# co2



## Hilary0618 (Jul 18, 2006)

Hi everyone,
I'm new to the site and new to aquariums in general. My boyfriend and I have had an aquarium with some live plants and fish for over a year now, but we have recently gotten a lot more plants and I want to see them grow nice and big.

I'm reading all the info on this site and I've come to realize how important co2 is. I'm kind of clueless right now about everything and I would appreciate as much advice as possible. Everyone on this site seems so much more educated about this, so I hope some of you can help me  I'm on a budget and I want to know where to find co2 that's reasonably priced. Is there anything else I can do until I get co2 to keep my plants from dying? 

I'm very anxious to learn and I'm very willing to invest my time and money in this. I know my boyfriend is ecstatic because I'm finally into this. He just bought a 110 gallon salt water tank and is trying to fix up our 55 gallon freshwater tank.

If you need to know more about my setup before giving me advice, please ask 

Thanks!
Hilary


----------



## rich311k (Jun 24, 2006)

How much light is over your tank? with a 55 gallon you will need a pressurized system. What kind of plants do you have/


----------



## hoppycalif (Apr 7, 2005)

A good place to start getting an education is http://www.rexgrigg.com/. Some websites have out of date information, but Rex keeps his up to date.


----------



## John N. (Dec 11, 2005)

For a 55 gallon tank that grows everything.

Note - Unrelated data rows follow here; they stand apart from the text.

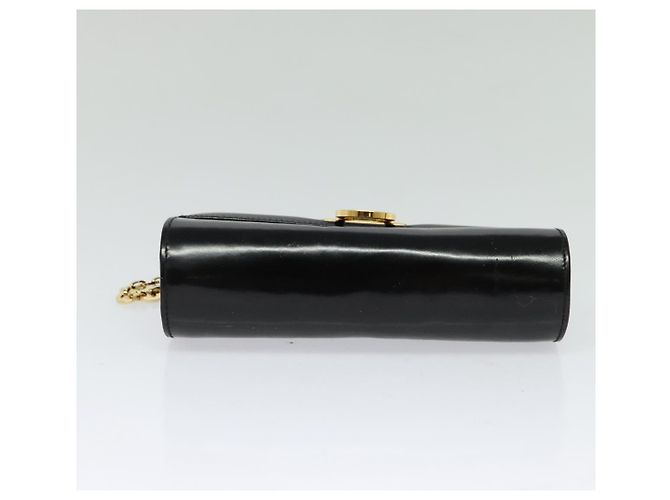 Borsa Gancini Chain Salvatore Ferragamo in pelle verniciata nera e oro Auth 126967 - vista 9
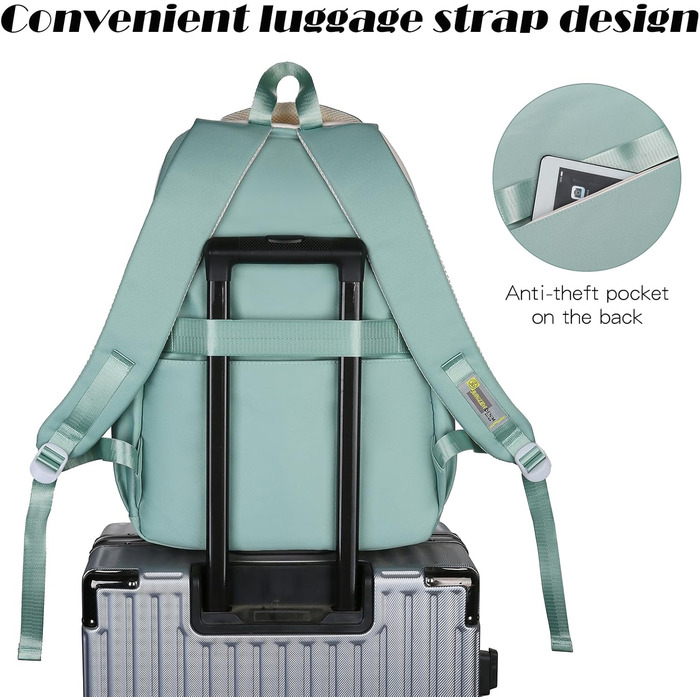 Дитячий рюкзак для школи: водонепроникний, нейлон, кілька відділень, легкий, для дівчаток та хлопчиків, для подорожей та спорту (зелений)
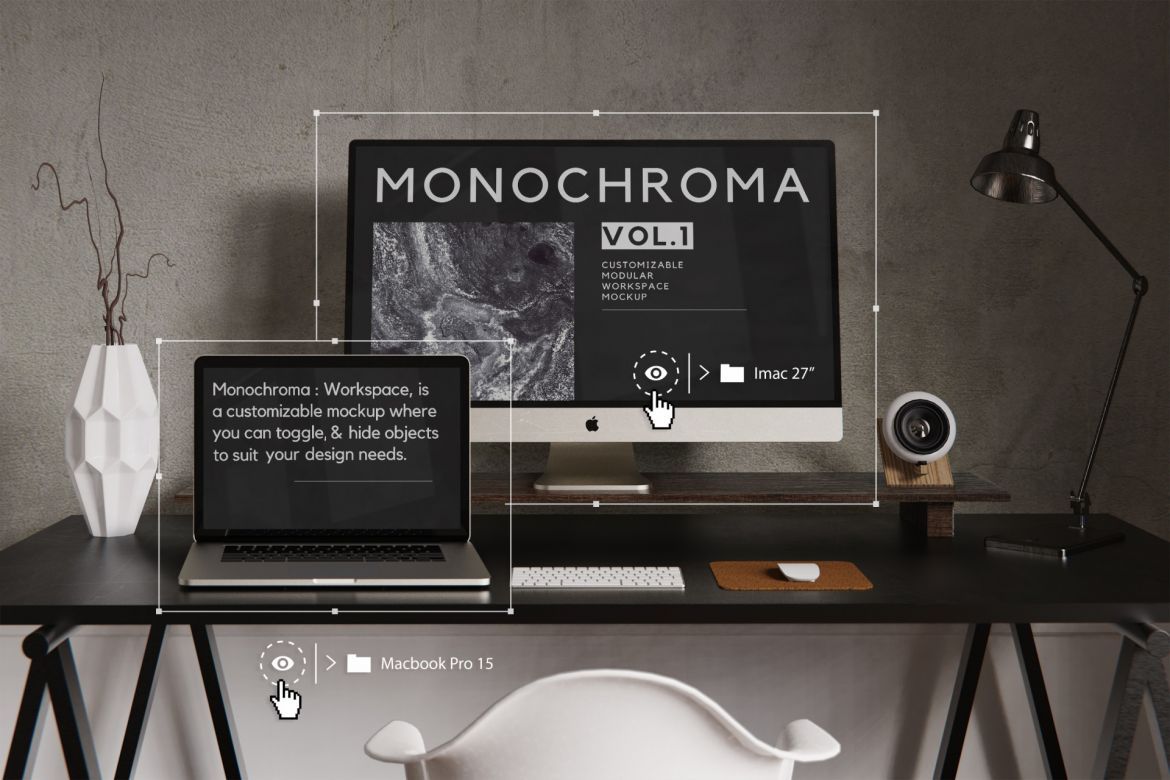 Free Customizable Workspace Mockup alternate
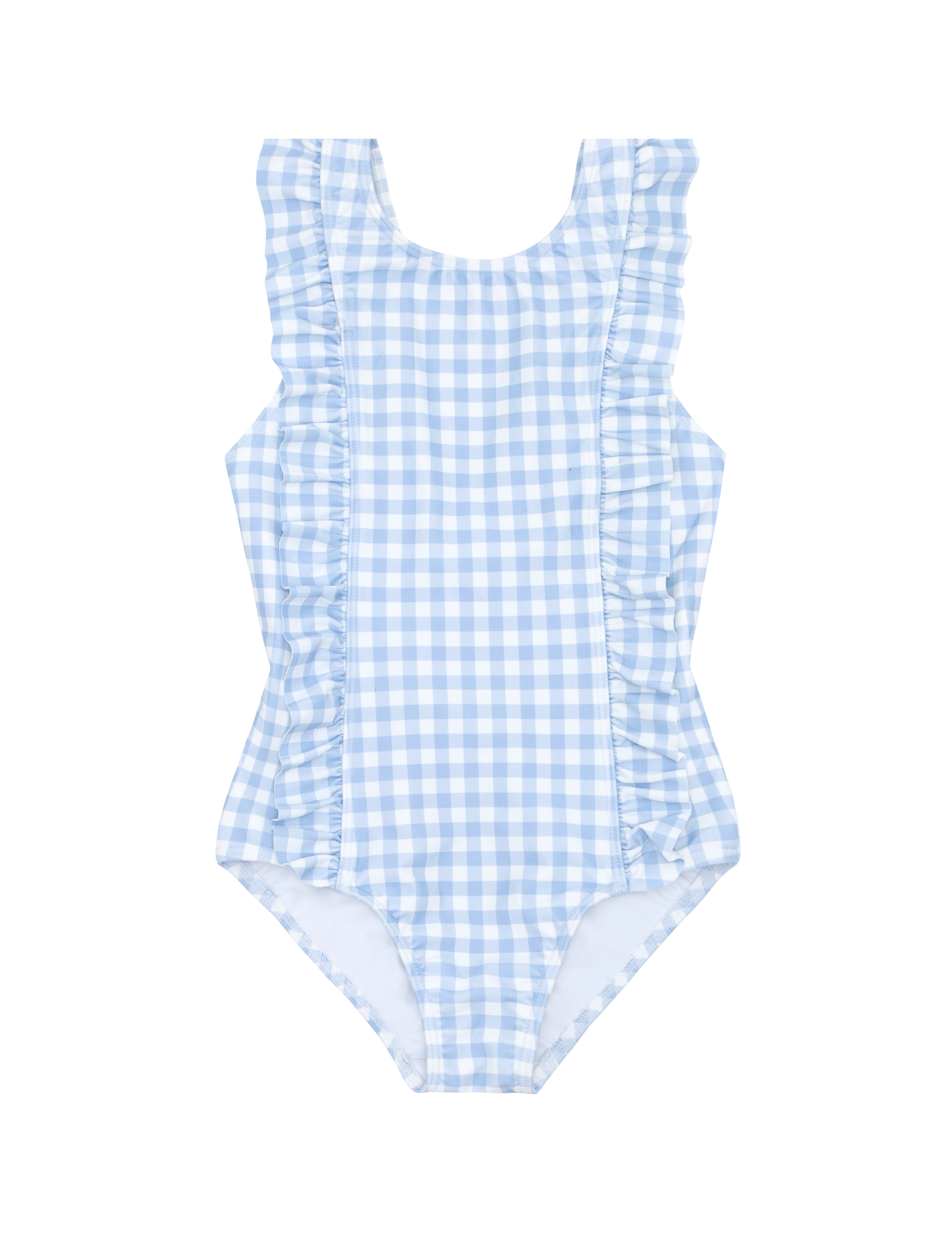 Girls Oasis Blue Gingham Ruffle One Piece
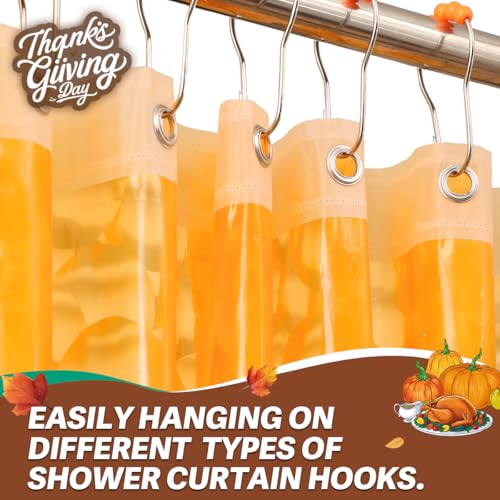 Ga-Geetopia Orange 3D EVA Plastic Shower Curtain Liner - Premium Light Weight 72" x 72" with Rustproof Metal Grommets and Weighted Magnet by Ga-Geetopia - Image 3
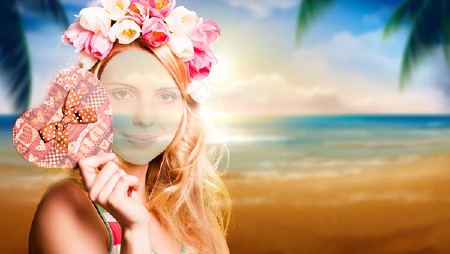 Фото шаблон - Блондинка на море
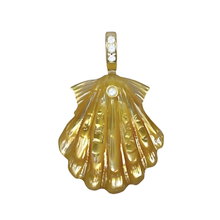 Golden Mother of Pearl & Diamond Scallop Shell Charm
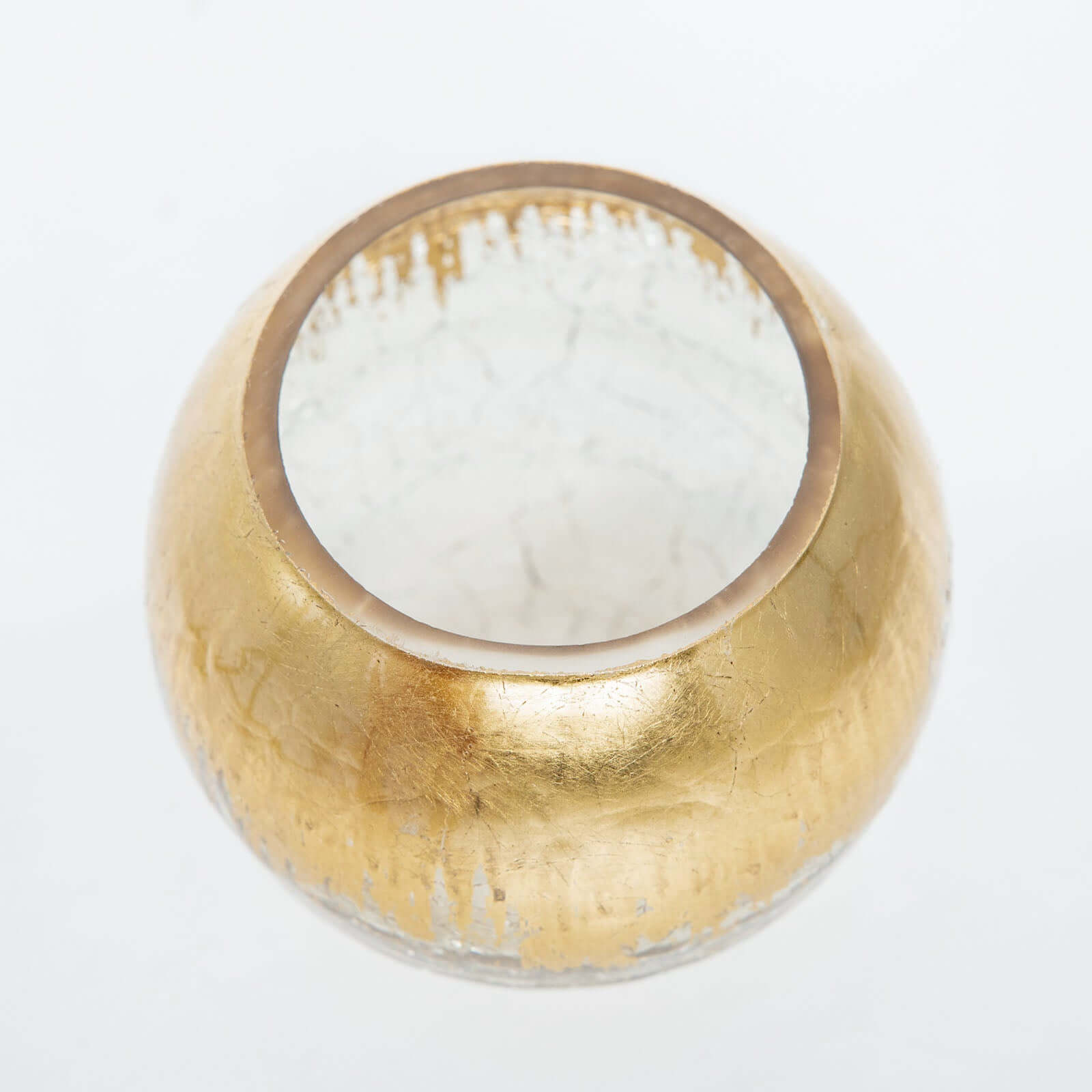 Glass Bud Vase Gold Foiled Crackle Bubble Bowl - Classy Floral Centerpiece for Weddings 4"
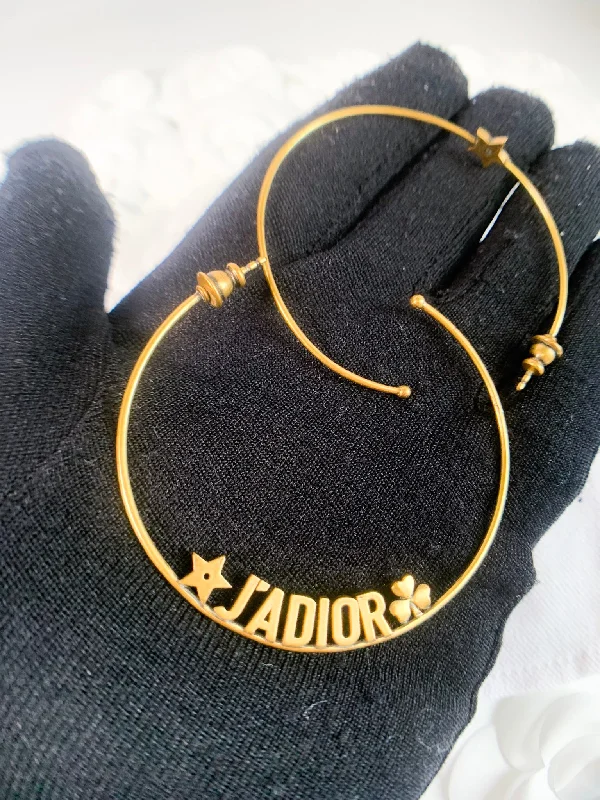 Dior J’adore Hoops Earrings Antique Gold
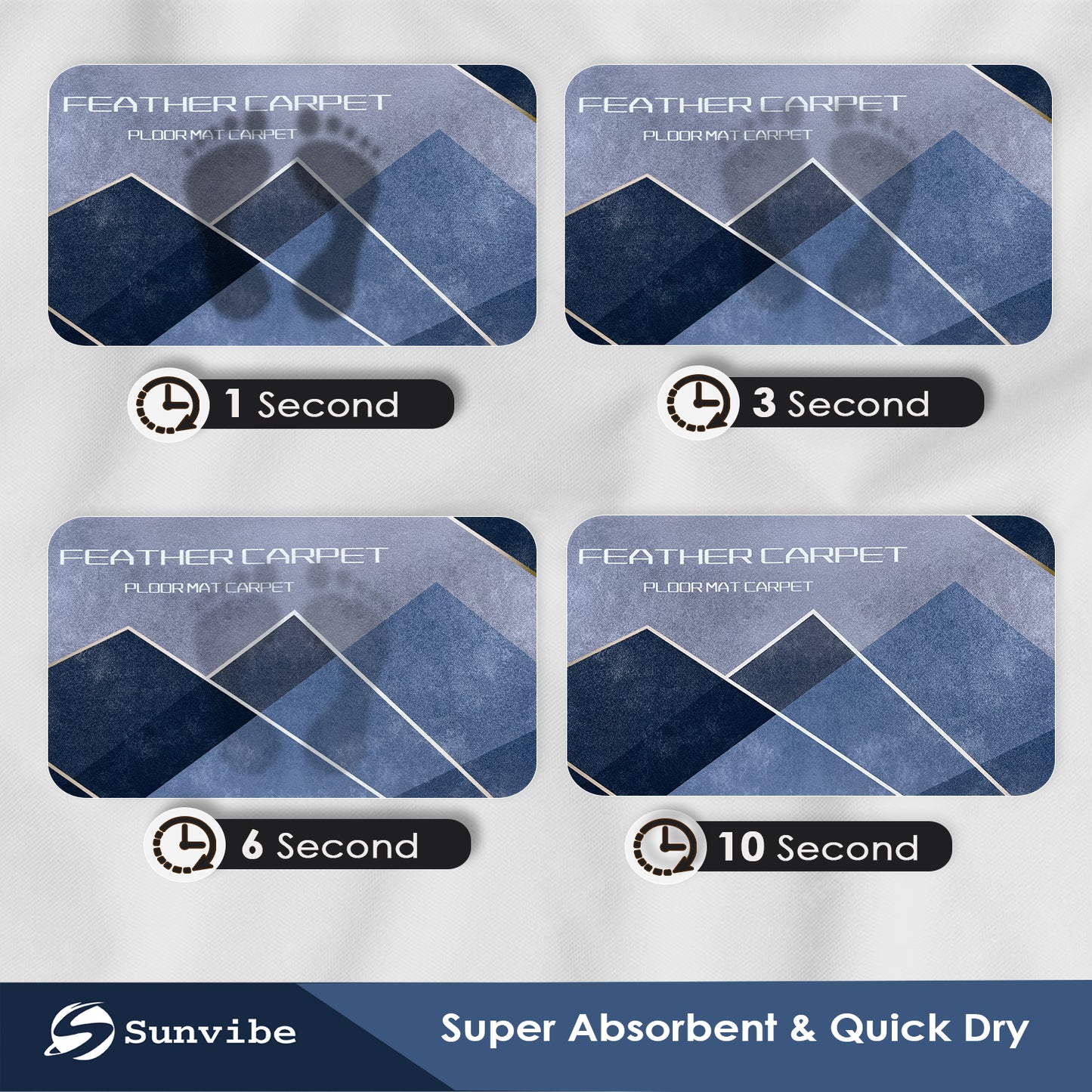 Kitchen Floor Mat 3.5mm (120x40cm & 40x60cm, Feather Print-2 Pieces)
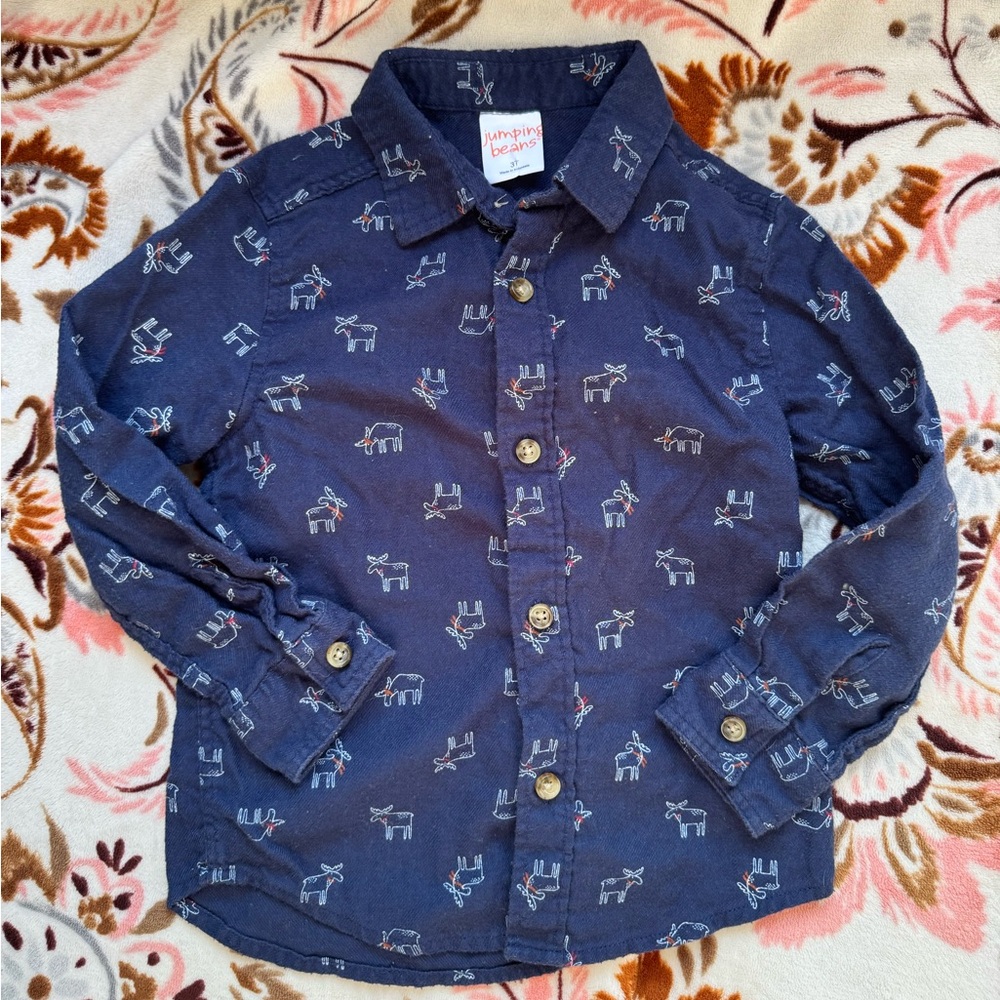 Jumping Beans Navy Blue Kids Button Down Shirt with moose detail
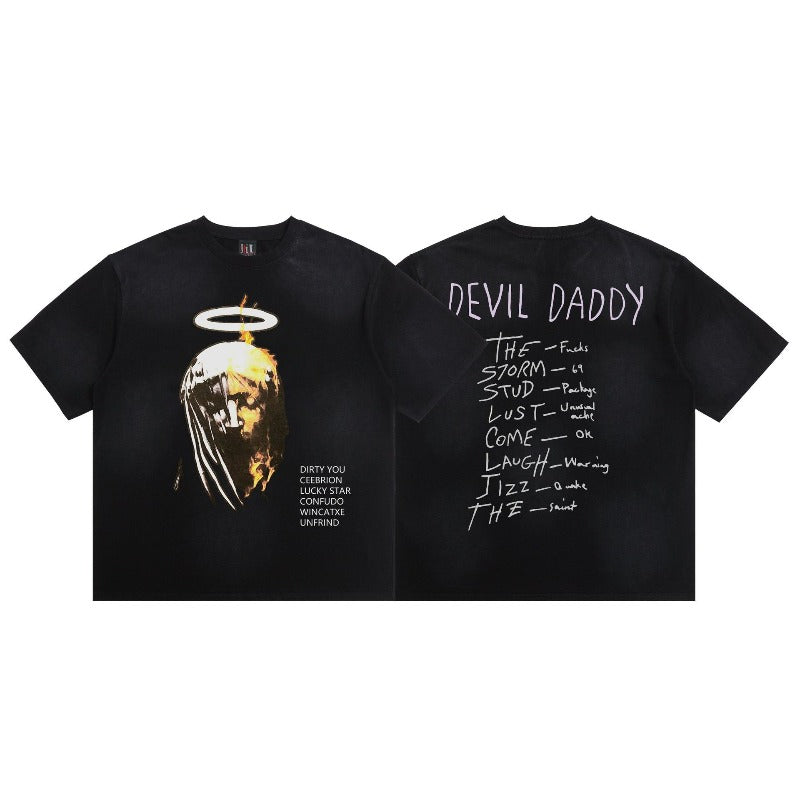 saint m t shirts  s.m. devil dad graphic crewneck pullover short sleeve t-shirt - wholesale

I recommend getting

Pressurized CO2 system (JBJ, Azoo, or milwaukee regulators and a 10 pould cylinder locally)
Lights from AHsupply.com 2x55 watt kit will do on for 8-10 hours on a timer.
Fertilizers from gregwatson.com (see stickies in fertilization section for methods of dosing and what to purchase).

For a lower maintanence tank, same lights, same ferts, no pressurized CO2, lights on for shorter amount to time 7-8 hours.

Welcome to the Forum Hilary! New setups are always fun to play with. Feel free to ask more questions or run a search on some of the information that you've found helpful and need additional clarification. APC is a wealth of information.  

-John N.


----------



## Bert H (Mar 2, 2004)

Welcome to apc, Hilary! Here's a couple more references which you might find useful:
http://www.aquatic-plants.org/articles/basics/pages/index.html
http://www.barrreport.com/forums/showthread.php?t=2062
http://www.aquaticplantcentral.com/forumapc/new-to-aquarium-plants/14684-new-tank-set-up-parts-1-a.html


----------



## nightwing (Jul 18, 2006)

I think that once you start pricing out lighting and CO2 stuff, you'll be shocked at how expensive it all can get. Moral: plan carefully.

Whether you need CO2 or not mostly depends on what plants you want to grow. As a rule, high light plants also need CO2. Low light plants can do ok without. 

I have a 54 gallon corner with DIY pop-bottle CO2 and it does very well. In fact, I am more worried about putting too much CO2 into the tank than I am about putting too little...!


----------



## mazakman (May 10, 2006)

I know that this is not a sponsors site but this is a great deal. It has everything to get started except the CO2 bottle. You can get the tank at welding supply or beverage distributor. Basically it's an exchange system. You pay a deposit for the first tank then you return for an exchange when it's empty I have 2 tanks and use this set up on both with no problems.
It's an AZOO regulator . The other parts you can upgrade later if you feel it's necessary 
http://www.drsfostersmith.com/Produc...&N=2004+113779


----------



## Hilary0618 (Jul 18, 2006)

I do thank everyone for the advice. I'm sorry it took long for my reply, my internet was down since the morning after i posted. 

rich311k - I have 260 watts of pc lighting over my tank. I'm not sure what kind of plants I have. Do you know where there's a site that I can compare pictures?

nightwing - How did you make your co2 system? That might be a good idea in the mean time while I save up for something. 

I have some pictures in my digital camera right now. I'll try to get them posted soon so maybe you guys can help me find out what kinds they are. I have to admit, I dont' know which of my plants like high or low lighting, or even which like the current or which don't.


----------



## Hilary0618 (Jul 18, 2006)

mazakman - The link doesn't work  Is this the product "CO2 Pressure Regulator w/Solenoid"?


----------



## Dewmazz (Sep 6, 2005)

Welcome to APC Hilary! APC has it's own PlantFinder, in the little orange bar in the far left near the top of the page, or click HERE. I find that the PlantGeek index is also helpful. I think that THIS is the CO2 system maza was talking about, I too have purchased the same one and was satisfied. Feel free to ask questions, members here at APC are friendly and full of knowledge.


----------



## mazakman (May 10, 2006)

Sorry Hilary0618 not sure what happened. Dewmazz has it right. His link is the correct one.


----------



## Hilary0618 (Jul 18, 2006)

Yeah I saw the link. Hopefully I'll be able to afford it soon. 

So far my plants are doing okay without it, but I know if I want them to look awesome I need it.


----------



## nightwing (Jul 18, 2006)

There are a billion different pages on the web about DIY (sugar+yeast) systems, from how to mix the sugar and yeast, to how to dissolve the CO2 in your water. Here's one that I trust (Karen Randall is pretty good, and well-known).

http://www.aquarticles.com/articles/plants/Randall_carbon%20dioxide.html

I put the bubble output tube into the intake tube of my canister filter. Be careful, I've recently killed a blue ram by accidentally letting the CO2 level get way too high.

Good luck!


----------